EXERCISE DIRECTIONS —
Output the data below exactly, without images.

Extracted data entries
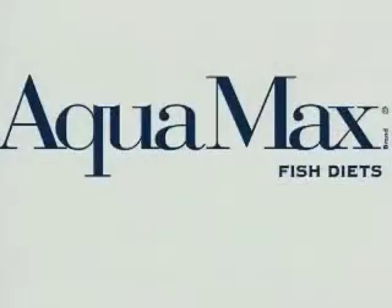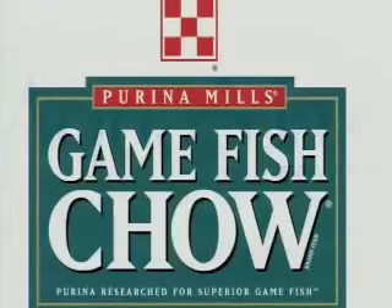They'll never lose that drive to eat a smaller fish — they'll aggressively go after smaller fish. But what we're seeing are much heavier fish at much younger ages with feed-trained bass.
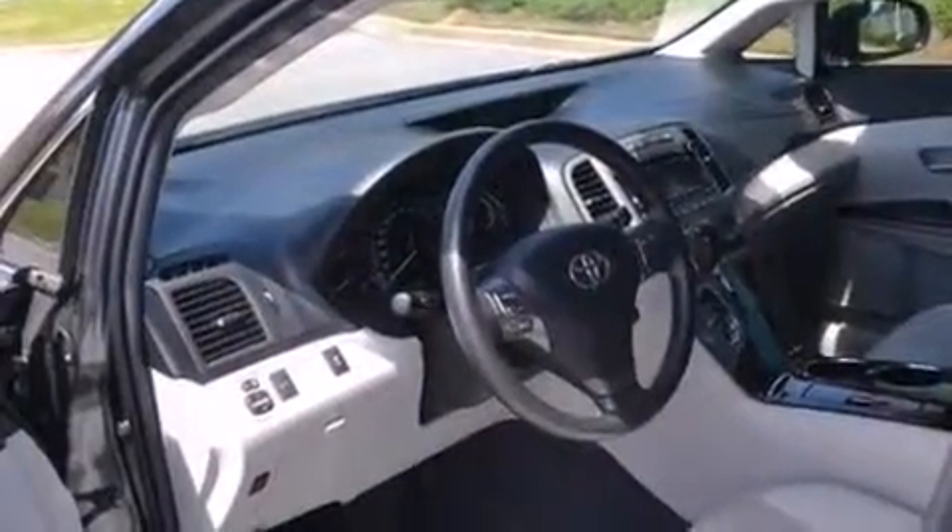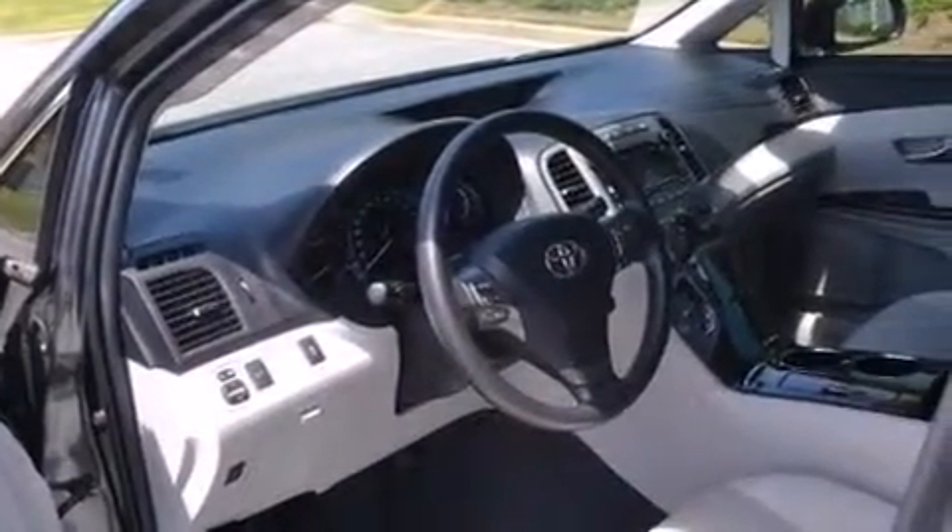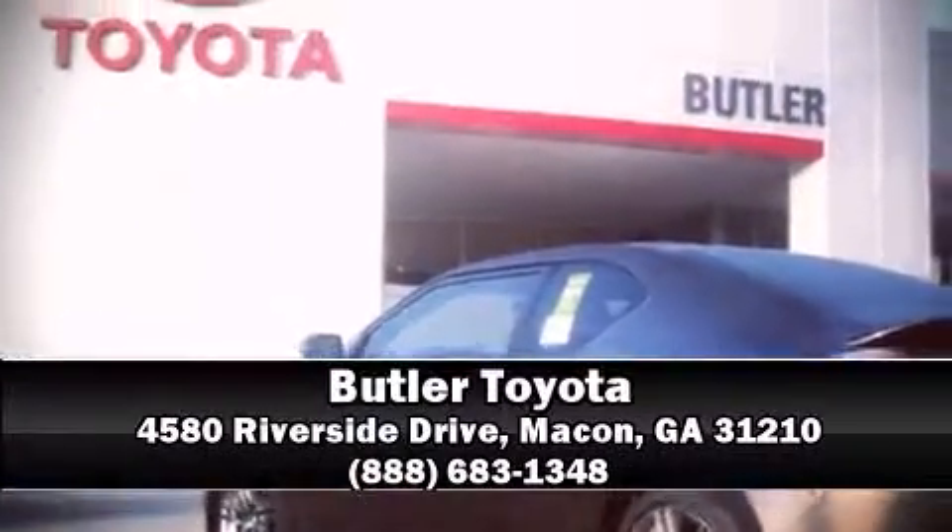This vehicle has achieved certified pre-owned status by passing Toyota's comprehensive certification process. Our sales staff will help you find the vehicle that you've been searching for. Please don't hesitate to give us a call.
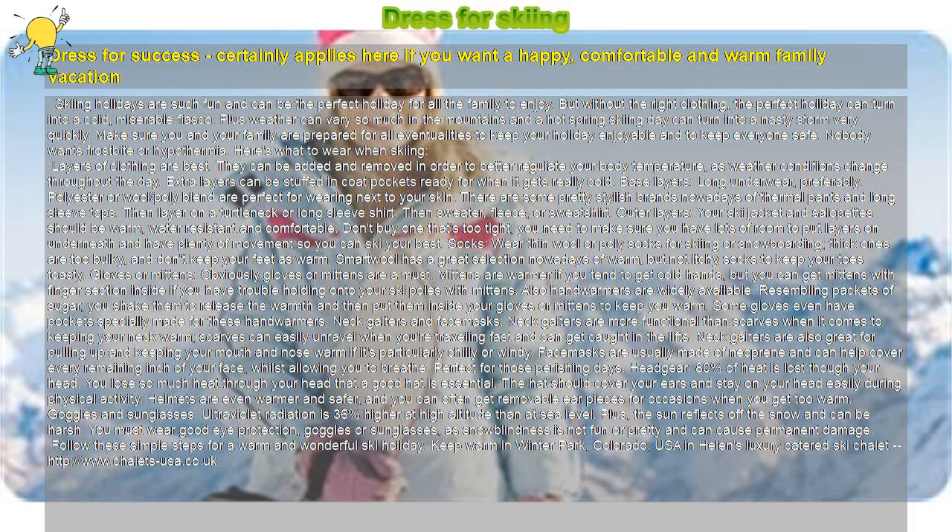Dress for Skiing. Dress for success certainly applies here if you want a happy, comfortable, and warm family vacation. Skiing holidays are such fun and can be the perfect holiday for all the family to enjoy. But without the right clothing, the perfect holiday can turn into a cold, miserable fiasco. Plus weather can vary so much in the mountains, and a hot spring skiing day can turn into a nasty storm very quickly. Make sure you and your family are prepared for all eventualities to keep your holiday enjoyable and to keep everyone safe. Nobody wants frostbite or hypothermia. Here's what to wear when skiing.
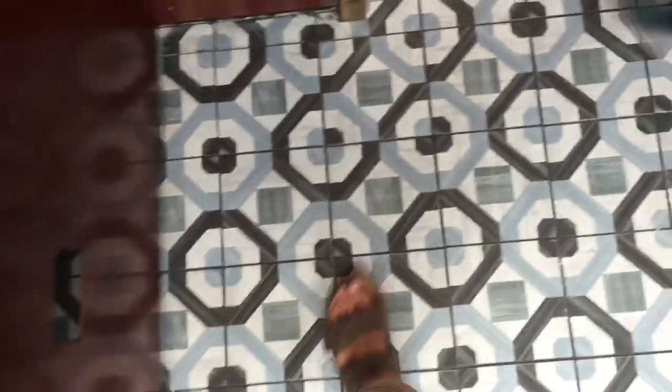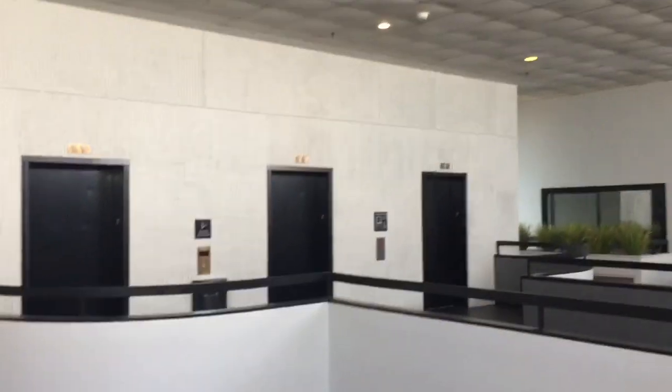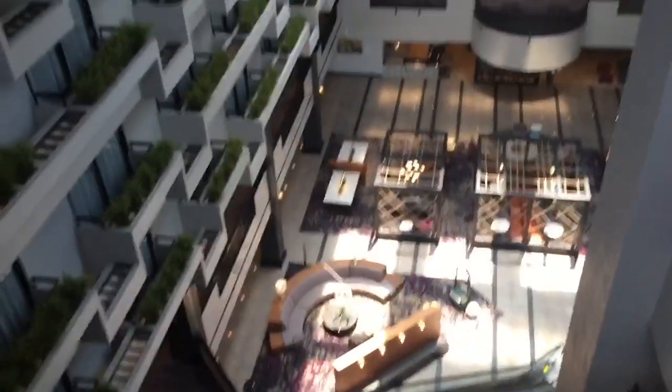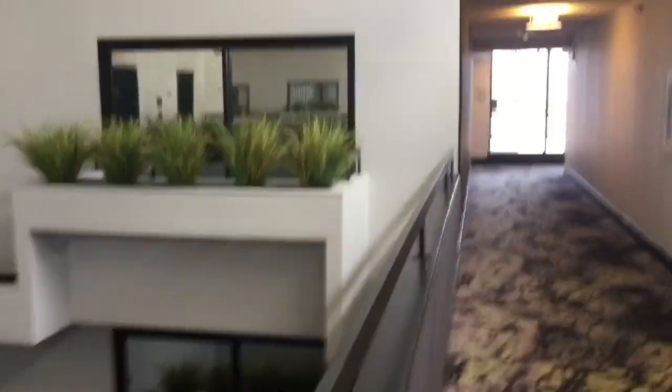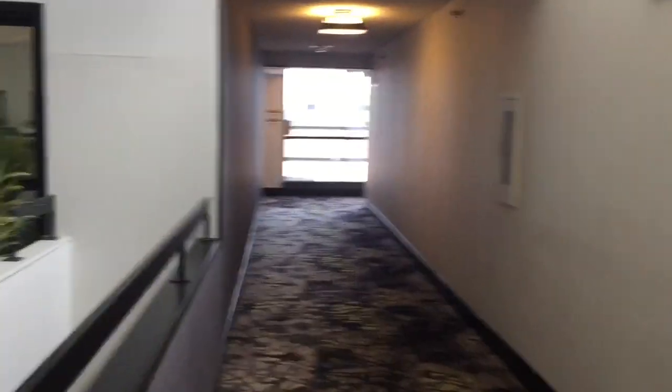These are the elevators at the Hyatt Regency. These are in the process of being modernized.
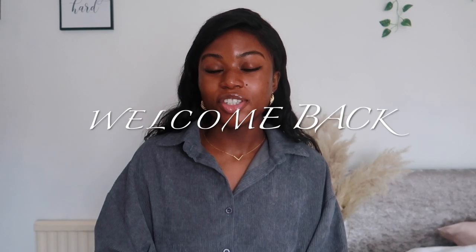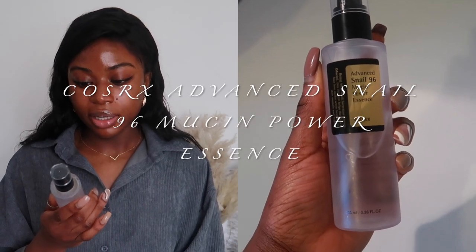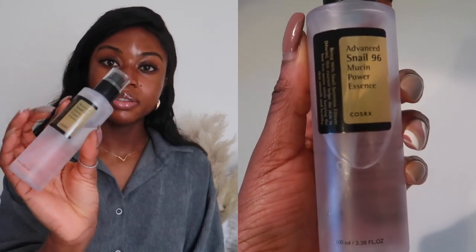Hey lovelies, welcome back to my channel. In today's video I'm going to be reviewing another very popular skincare product, and the product is the COSRX Advanced Snail 96 Mucin Power Essence. I've used this product for a couple of months on and off, so I think I'm ready to share my two cents about it.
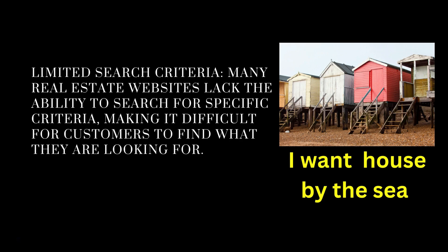Limited search criteria. Many real estate websites lack the ability to search for specific criteria, making it difficult for customers to find what they are looking for. It needs to be easy to use. If there is a facility to search for properties — say, 'I want a house by the sea' — let them put more detail in there to find that house by the sea.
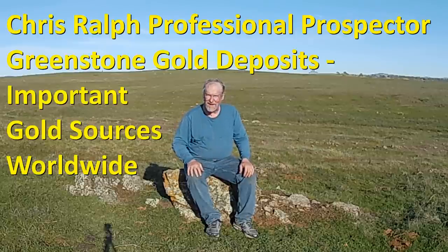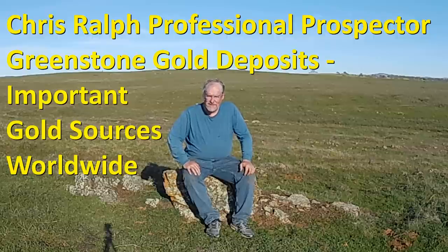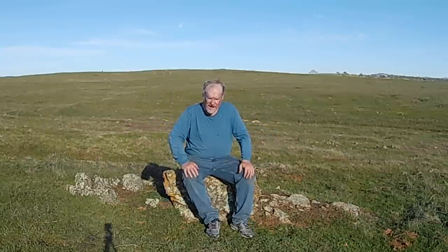Hey, I'm Chris Ralph, the professional prospector, coming to you today from the goldfields of California, the Sierra Nevada. You can see behind me there are kind of low rolling hills. Today we're going to talk about greenstone belts. Lots of gold that comes from Australia is from greenstone belts, and lots of gold that comes from West Africa is from greenstone belts, but also from California, Nevada, and Arizona as well.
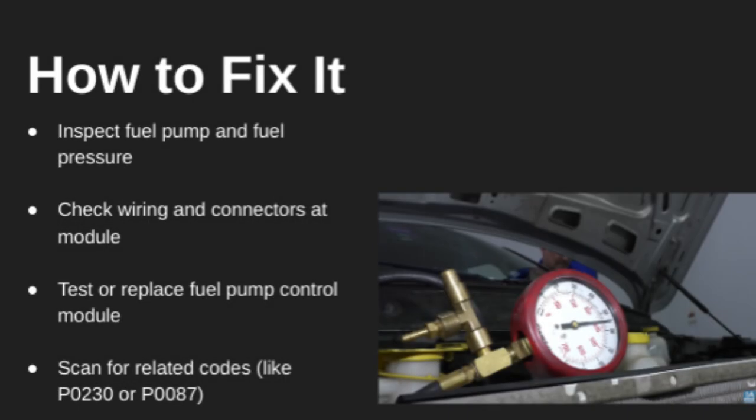To fix this, start by checking fuel pressure at the rail. If it's low, the fuel pump may be failing. Inspect the wiring to the fuel pump control module for damage or corrosion.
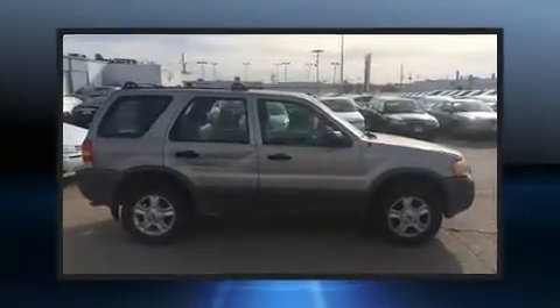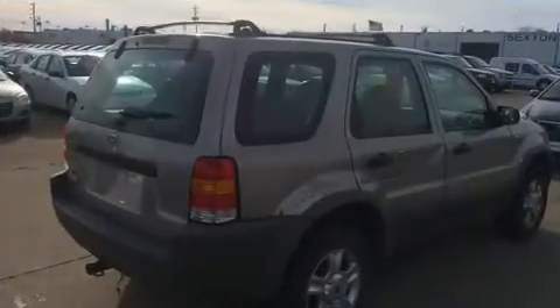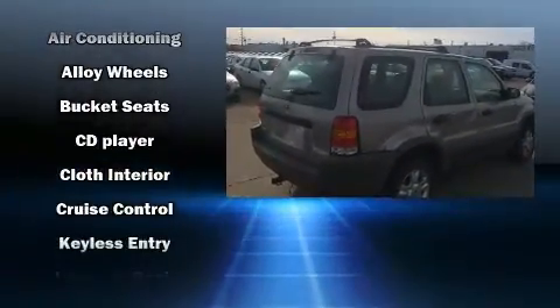Top features include front fog lights, one-touch window functionality, a tachometer, a roof rack, rear wipers, and much more.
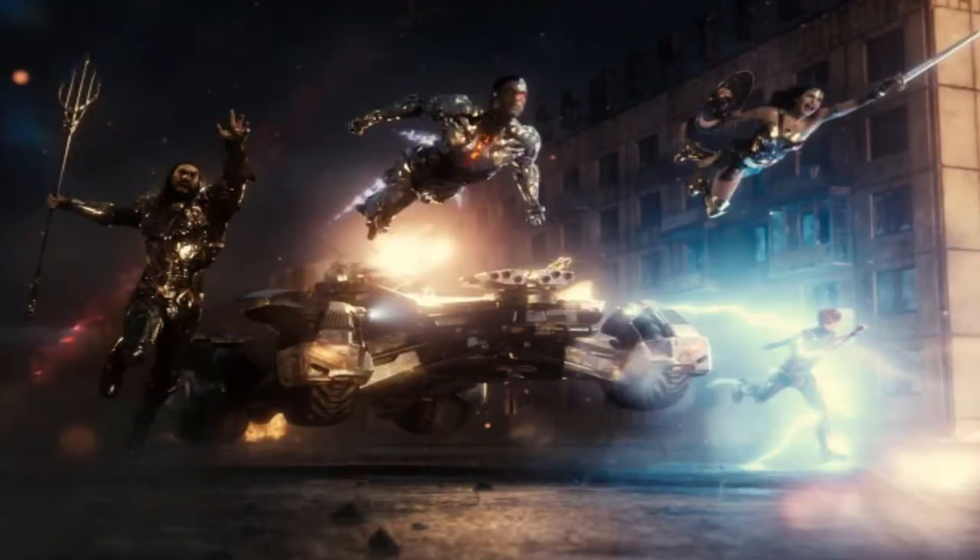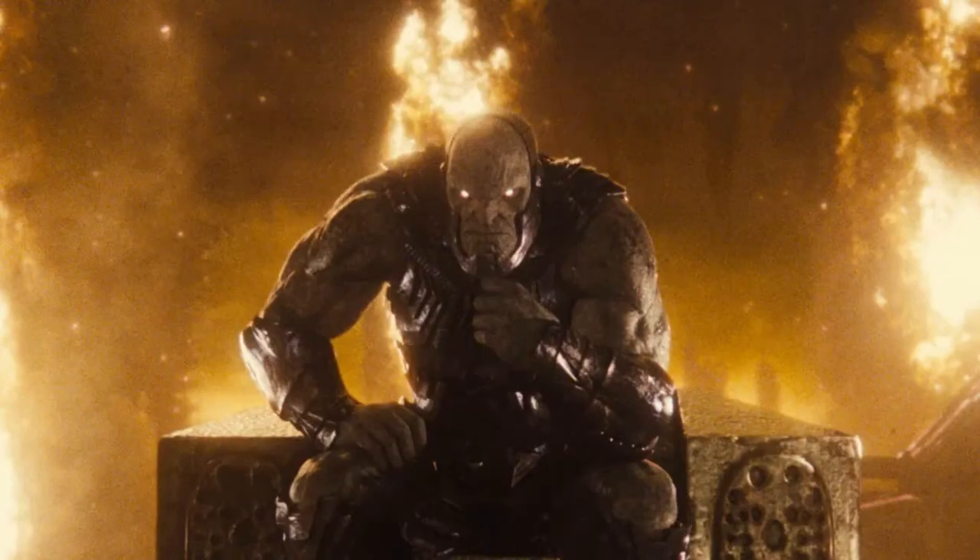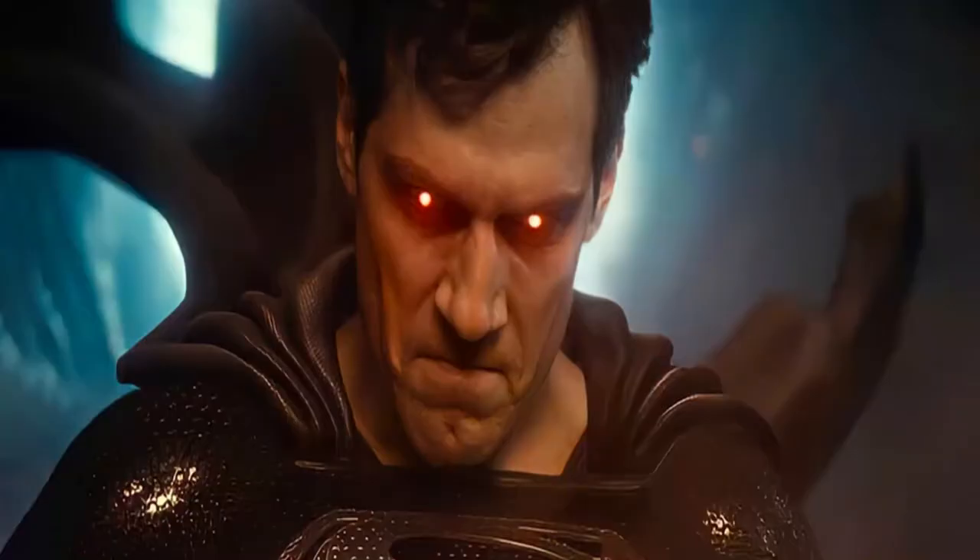Zack Snyder really did do honor to all of the characters. You can tell he loves this content, this universe and this world, and he really did justice to all the characters. As far as the way it looks — the graphics, the color saturation — it's such an improvement compared to what we got in the 2017 one. Because the 2017 one was more colorful, much more of that Avengers vibe, since Josh Whedon came in to finish and direct it, giving it that bright color vibe, that Thor: Ragnarok, Avengers look. This one fits the Snyderverse — it fits with Batman v Superman and Man of Steel, and the character development that carries on from those films goes into this film.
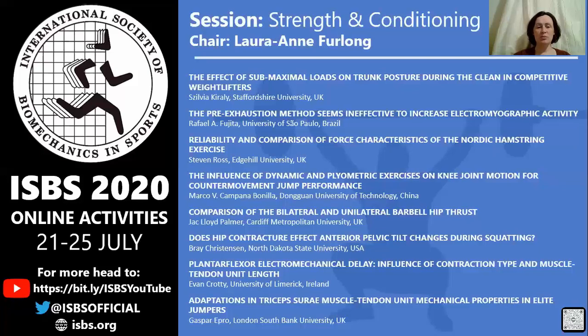And last, but by no means least, we've got Gaspar Eperol from London South Bank University in the UK presenting on adaptations in triceps muscle tendon mechanical properties in elite jumpers.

SOLUTION FOR THIS EXERCISE —
They'll never lose that drive to eat a smaller fish — they'll aggressively go after smaller fish. But what we're seeing are much heavier fish at much younger ages with feed-trained bass.
This vehicle has achieved certified pre-owned status by passing Toyota's comprehensive certification process. Our sales staff will help you find the vehicle that you've been searching for. Please don't hesitate to give us a call.
Dress for Skiing. Dress for success certainly applies here if you want a happy, comfortable, and warm family vacation. Skiing holidays are such fun and can be the perfect holiday for all the family to enjoy. But without the right clothing, the perfect holiday can turn into a cold, miserable fiasco. Plus weather can vary so much in the mountains, and a hot spring skiing day can turn into a nasty storm very quickly. Make sure you and your family are prepared for all eventualities to keep your holiday enjoyable and to keep everyone safe. Nobody wants frostbite or hypothermia. Here's what to wear when skiing.
These are the elevators at the Hyatt Regency. These are in the process of being modernized.
Hey lovelies, welcome back to my channel. In today's video I'm going to be reviewing another very popular skincare product, and the product is the COSRX Advanced Snail 96 Mucin Power Essence. I've used this product for a couple of months on and off, so I think I'm ready to share my two cents about it.
Limited search criteria. Many real estate websites lack the ability to search for specific criteria, making it difficult for customers to find what they are looking for. It needs to be easy to use. If there is a facility to search for properties — say, 'I want a house by the sea' — let them put more detail in there to find that house by the sea.
Hey, I'm Chris Ralph, the professional prospector, coming to you today from the goldfields of California, the Sierra Nevada. You can see behind me there are kind of low rolling hills. Today we're going to talk about greenstone belts. Lots of gold that comes from Australia is from greenstone belts, and lots of gold that comes from West Africa is from greenstone belts, but also from California, Nevada, and Arizona as well.
To fix this, start by checking fuel pressure at the rail. If it's low, the fuel pump may be failing. Inspect the wiring to the fuel pump control module for damage or corrosion.
Top features include front fog lights, one-touch window functionality, a tachometer, a roof rack, rear wipers, and much more.
Zack Snyder really did do honor to all of the characters. You can tell he loves this content, this universe and this world, and he really did justice to all the characters. As far as the way it looks — the graphics, the color saturation — it's such an improvement compared to what we got in the 2017 one. Because the 2017 one was more colorful, much more of that Avengers vibe, since Josh Whedon came in to finish and direct it, giving it that bright color vibe, that Thor: Ragnarok, Avengers look. This one fits the Snyderverse — it fits with Batman v Superman and Man of Steel, and the character development that carries on from those films goes into this film.
And last, but by no means least, we've got Gaspar Eperol from London South Bank University in the UK presenting on adaptations in triceps muscle tendon mechanical properties in elite jumpers.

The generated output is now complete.